It is rare that I get a night out with the girls. With work schedules, kids, and life in general it is way too hard in this stage of life. On those precious occasions when we all find time on the calendar to get together, my excitement grows the entire week prior. Dreaming of adult conversation, a little gossip, and just a chance to not have my 2 year old stalking me …it’s like I’m some caged mom-animal who is about to escape.
Then the day arrives. On my drive to work, my tween music is a little louder than normal. I have extra energy. The hours go by SO slow, but I don’t give a damn because “I AM GOING OUT WITH THE GIRLS!” Yeah, that’s right. Everyone at work with knows it because I can’t stop talking about it. My Friday night will not consist of changing diapers, cooking food that will be thrown on the floor, or watching Doc McStuffins. It will be fabulous and spent with my friends from grade school, who are all moms themselves.
Dinner turns out to be just as entertaining as it always is. We laugh and catch up and talk about our crazy babies and hubbies and just are ecstatic to be in each other’s company. The waitress, who is 22, is also aware that it is a rare night out for us so she keeps the drinks flowing. She looks a little scared though, probably vowing that she will never turn out like us. Little does she know that these nights out are necessary for all moms, even if they are not as often as we’d like. And it’s not like we went out clubbing all night….it was dinner and we were home by 10. Yes, lame I know.

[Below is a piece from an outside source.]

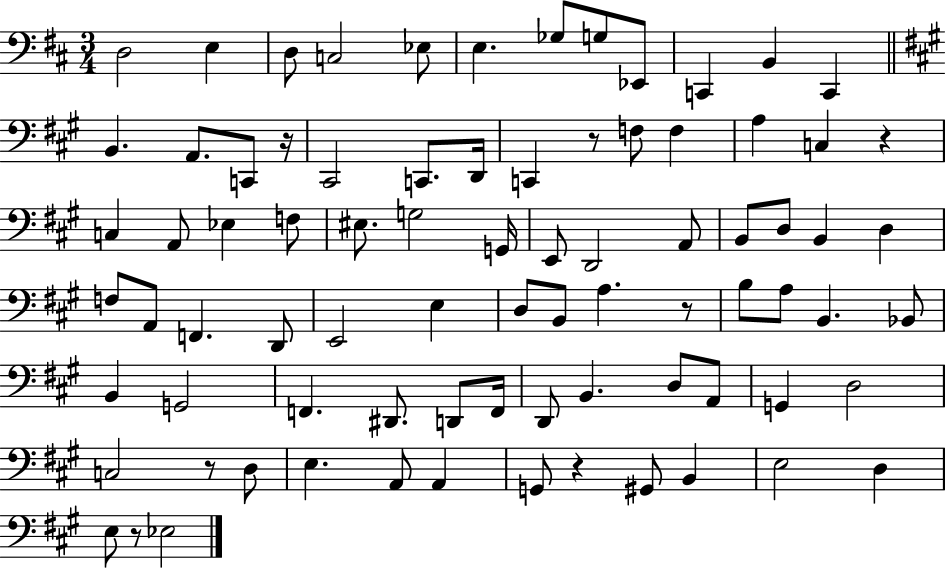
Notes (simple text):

D3/h E3/q D3/e C3/h Eb3/e E3/q. Gb3/e G3/e Eb2/e C2/q B2/q C2/q B2/q. A2/e. C2/e R/s C#2/h C2/e. D2/s C2/q R/e F3/e F3/q A3/q C3/q R/q C3/q A2/e Eb3/q F3/e EIS3/e. G3/h G2/s E2/e D2/h A2/e B2/e D3/e B2/q D3/q F3/e A2/e F2/q. D2/e E2/h E3/q D3/e B2/e A3/q. R/e B3/e A3/e B2/q. Bb2/e B2/q G2/h F2/q. D#2/e. D2/e F2/s D2/e B2/q. D3/e A2/e G2/q D3/h C3/h R/e D3/e E3/q. A2/e A2/q G2/e R/q G#2/e B2/q E3/h D3/q E3/e R/e Eb3/h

The day after is not as enjoyable. My head is pounding from the cosmo/wine combination and my overall feeling is just blah. The kids are thrilled to see me, and the feeling is mutual. Advil, water and seltzer are on tap all day along with some greasy food, and finally I start to perk up a little bit. Some feelings of guilt creep in. Did I really need to have that last glass of wine? Is it worth it? My kids missed me. I missed them. Am I a bad mom for being hung-over? I continue to lay on the couch and remember some hilarious moments from the night before while wishing I could be a more “responsible” adult when I venture out with the girls.
I eventually get over it and will do it again. It happens every single time. Nights out with friends helps me feel refreshed, remember where I came from, and it makes me feel young and not as “mom-ish”. My hope is to one day be able to not go as “wild” and have a low-key night but I can’t make any promises.